El primero de ellos fue un joven que empujaba corriendo la silleta en la que llevaba a un niño que por muy poco consiguió esquivar la furgoneta blanca dirigida contra todos. Aquella misión tan desapercibidamente cotidiana, se dejó ver en esa circunstancia como una encomienda vital: estar al cuidado de un niño. Eso mismo hizo un joven turista italiano que llevaba en brazos a su hijo, aunque sin la misma suerte: con el mismo impulso que lanzó fuera de peligro a su hijo aquel joven se puso en la trayectoria asesina del conductor.

La tercera escena la compuso un turista inglés que contempló aquel aquelarre de odio desde un lugar a salvo y que, tras dejar a los suyos a salvo, corrió a la escena donde encontró yaciendo en el suelo el cuerpo de un niño de siete años. Notó en seguida que el niño estaba muerto o muriéndose, pero, pese a que la policía conminaba a todos a abandonar el lugar que todavía no era seguro, permaneció junto al pequeño cuerpo, cubriéndolo apenas, sin dejar que muriera abandonado. Harry Athwal es el nombre del hombre al que aquel niño agonizante le recordó a su propio hijo.

Apenas un día después un policía abatió con sus disparos a cuatro de aquellos terroristas que habían matado y herido de nuevo. Como la intención de los terroristas de matar indiscrimanada y cruelmente era manifiesta, nadie lamentó que el policía los abatiera, y que lo hiciera cumpliendo valerosamente con la misión de defendernos a todos convertida en profesión.

Sin embargo, no fue la hazaña del policía la que dio la medida de lo que había pasado esos días, sino la del joven que empujaba la silleta, la de aquel que no pudo salvar a su hijo y salvarse a sí mismo, y la de aquel otro que apenas con un gesto puso a salvo la humanidad de todos velando la agonía indefensa del niño australiano separado de sus padres por la multitud en fuga.

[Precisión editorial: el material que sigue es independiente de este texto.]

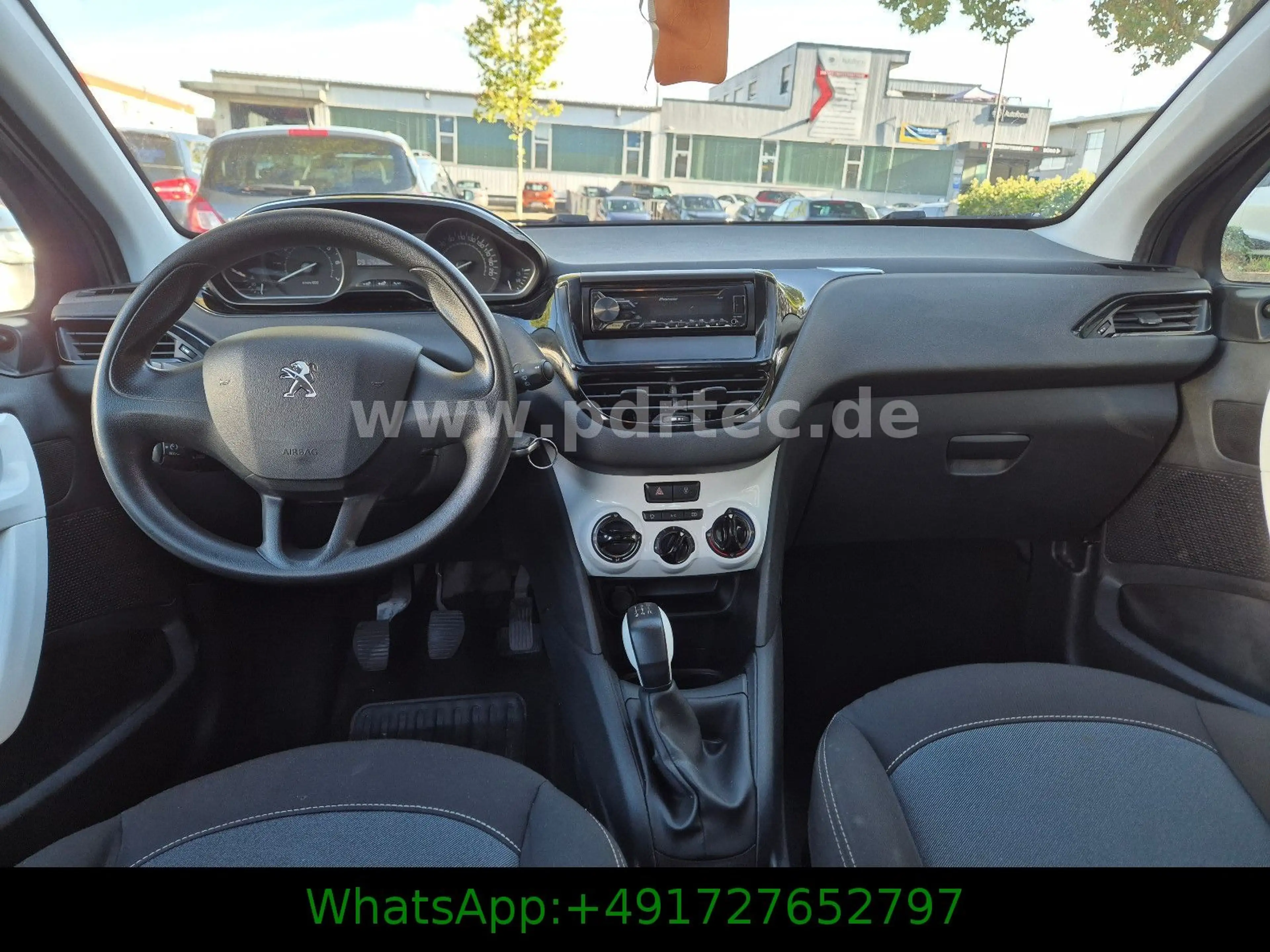 Peugeot 208 *PureTech*68*Like* — photo 15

En todos ellos se hizo visible que el cuidado puede alentar una lírica capaz de rescatar e integrar las dimensiones épicas de la existencia en una reformulación nueva de nuestra autocomprensión de lo humano. En ese retablo de una nueva masculinidad (posible) está narrado el cambio de época que posterga sin eliminar ni repudiar los perfiles guerreros del poder en favor de una vigilancia cuidadosa, como aquella con la que soñaba hace setenta años el atribulado adolescente que quería ser un guardián entre el centeno.